Crayon drawing on Michallet paper, right side. (Original 8½ x 5½.)

Thus from a photogram of even the most elaborate subject an absolutely correct drawing may be made fit for reproduction without the illustrator having any knowledge or skill as a draughtsman.

By placing the unskilled in such a position, photography appears to have removed the last obstacle to the more frequent use of appropriate illustration; and the ease with which both pleasing and accurate outlines can be made should render inexcusable the shamefully untruthful "sketches" which every day appear in newspaper and magazine.

The method of drawing on thin transfer paper with transfer ink, and then placing the drawing direct on to a zinc block, hardly needs to be referred to here. Such a simple means of placing the image on the zinc and then etching is necessarily of limited application, neither reduction nor enlargement is possible, and photography is not employed; it is merely a mechanical etching of the zinc in all parts not protected by the ink image, as transferred from the drawing in transfer ink, and is used for very rapid and imperfect portraits, &c., in the commoner class of newspaper work.

And now, whatever be the special characteristics and advantages of the camera, it is by no means my intention to advocate its use where even only a moderate amount of native artistic ability exists; and, in all probability, the possessor of such ability will more frequently prefer to use his sketch-book than his camera—and this is as it should be.
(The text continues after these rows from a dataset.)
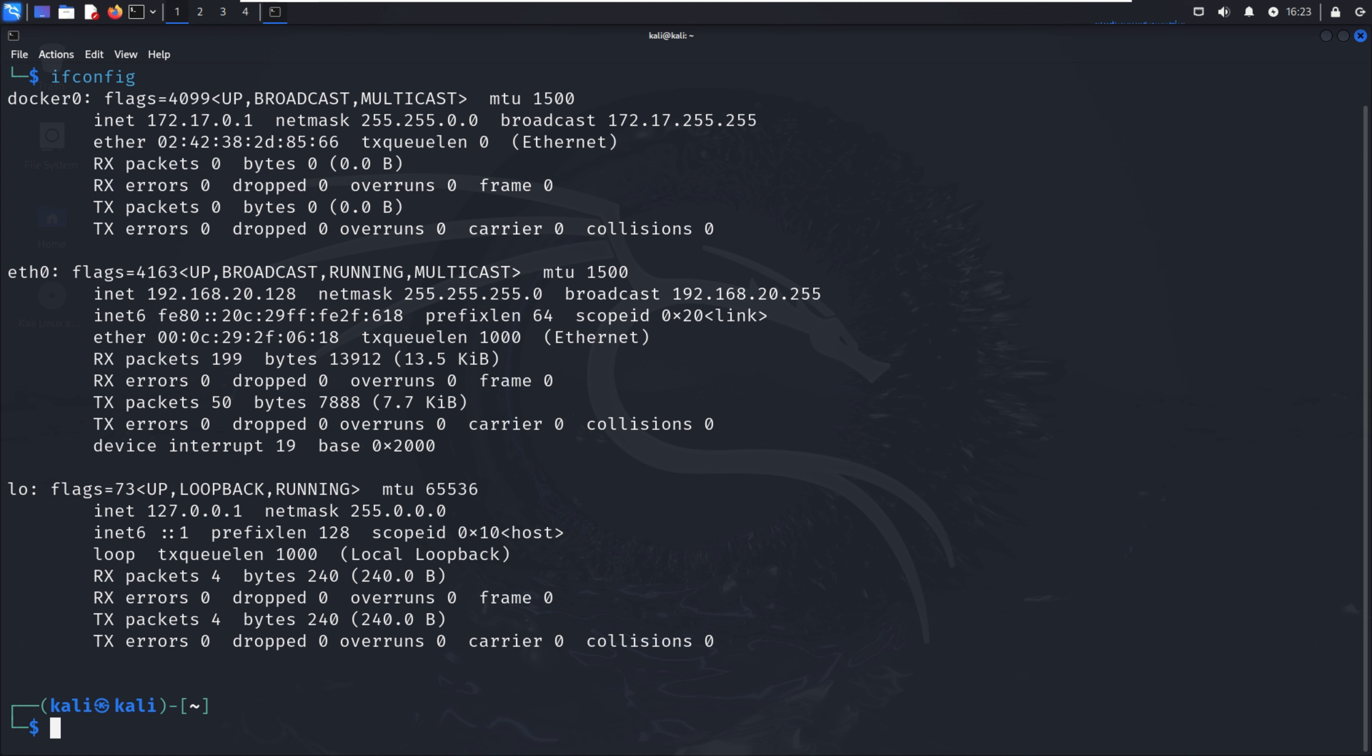If I'm using the server directly, there may be multiple interfaces or maybe only one interface, but you can identify them with the help of ifconfig.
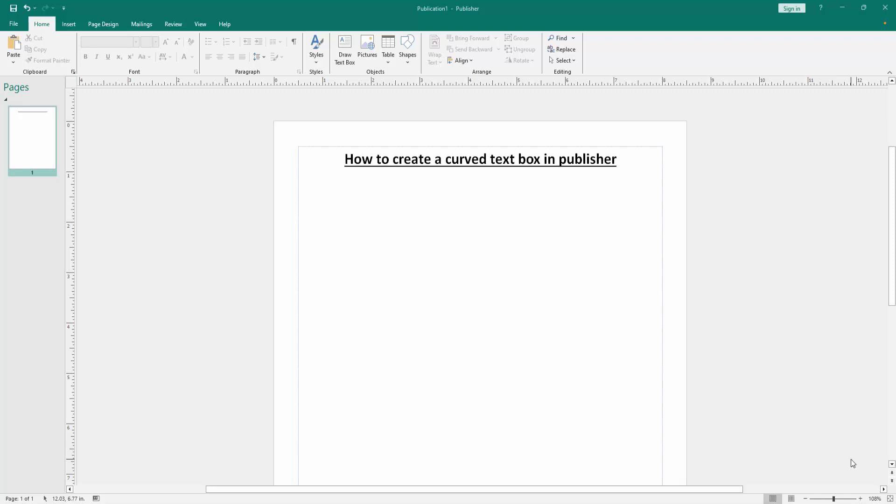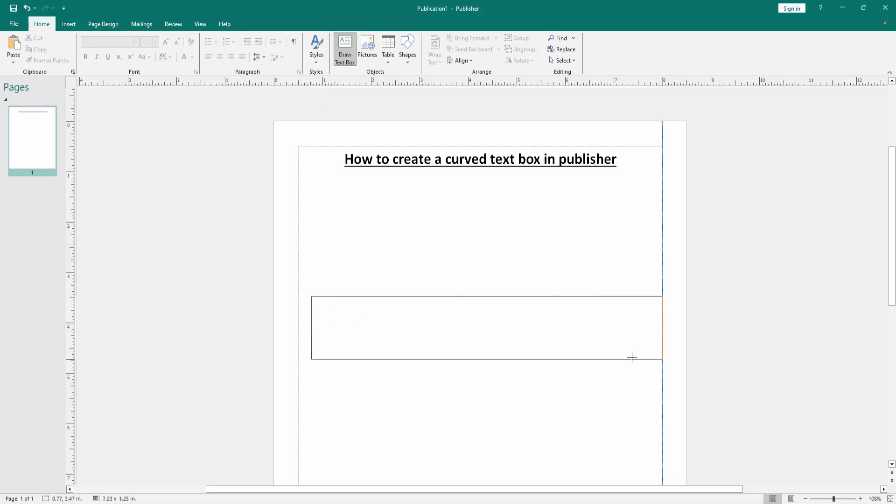Let's get started. First, we have to open a Publisher document. Now we want to make a curved text box. Go to the Home menu, then we can see the menu option. Select the Draw Text Box option, then draw a text box.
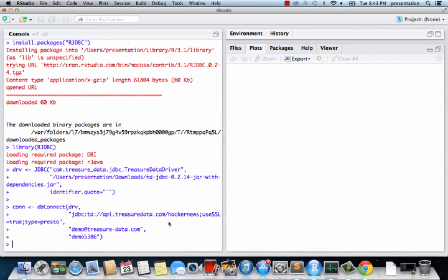So let's compute the average number of comments and points on the front page broken down by hour.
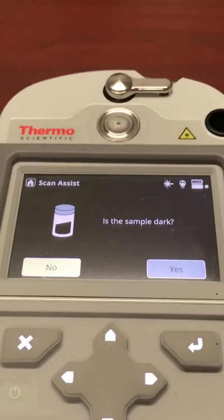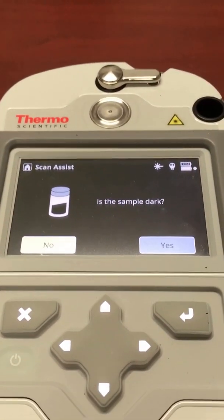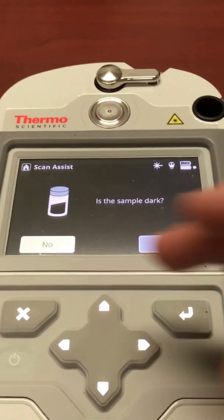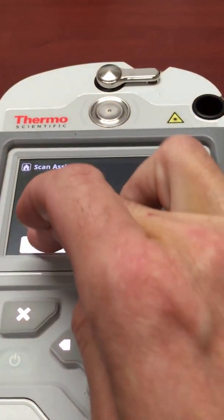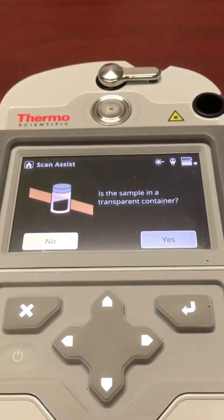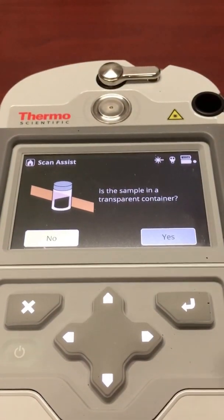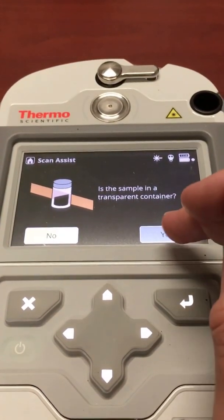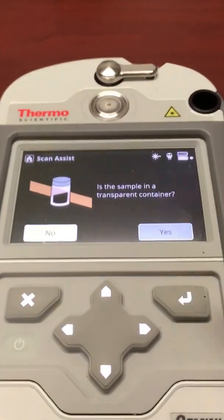The device first asks if the sample is dark or not — it's not. It then asks if the sample is in a transparent container — yes it is.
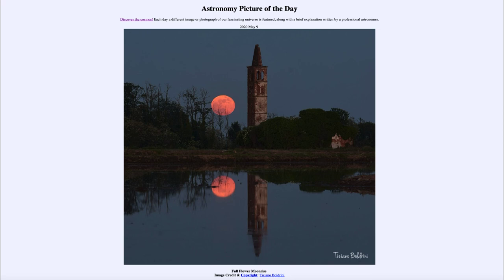So that was our picture of the day for May the 9th of 2020, titled Full Flower Moonrise. We'll be back again tomorrow for the next picture, previewed to be peculiar galaxies, so we'll see what that is about tomorrow. Until then, have a great day everyone, and I will see you in class.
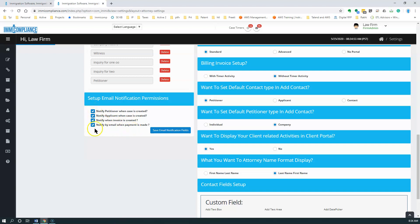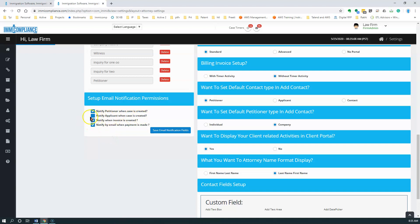If you have this checked on, that means the notifications will go every time a case is created for applicant and petitioner. If they are not checked off, then the email will not go to the applicant in this case.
There is always something of freshness about a first original sketch, be it in whatsoever medium, a quality which the most careful copy fails to repeat.

This brings us to consider whether it would not be well to make our first impressions or sketches in such a manner that they could be handed to the process worker right away; and we shall then have to consider what medium and what materials are suitable for "drawing from life." Certainly the ordinary pencil sketch, as taken from the pocket sketch-book, would not do. In the first place such sketches would rarely be vigorous enough, and whatever vigour they possessed would be sadly diminished by rubbing and the pressure of the opposite page.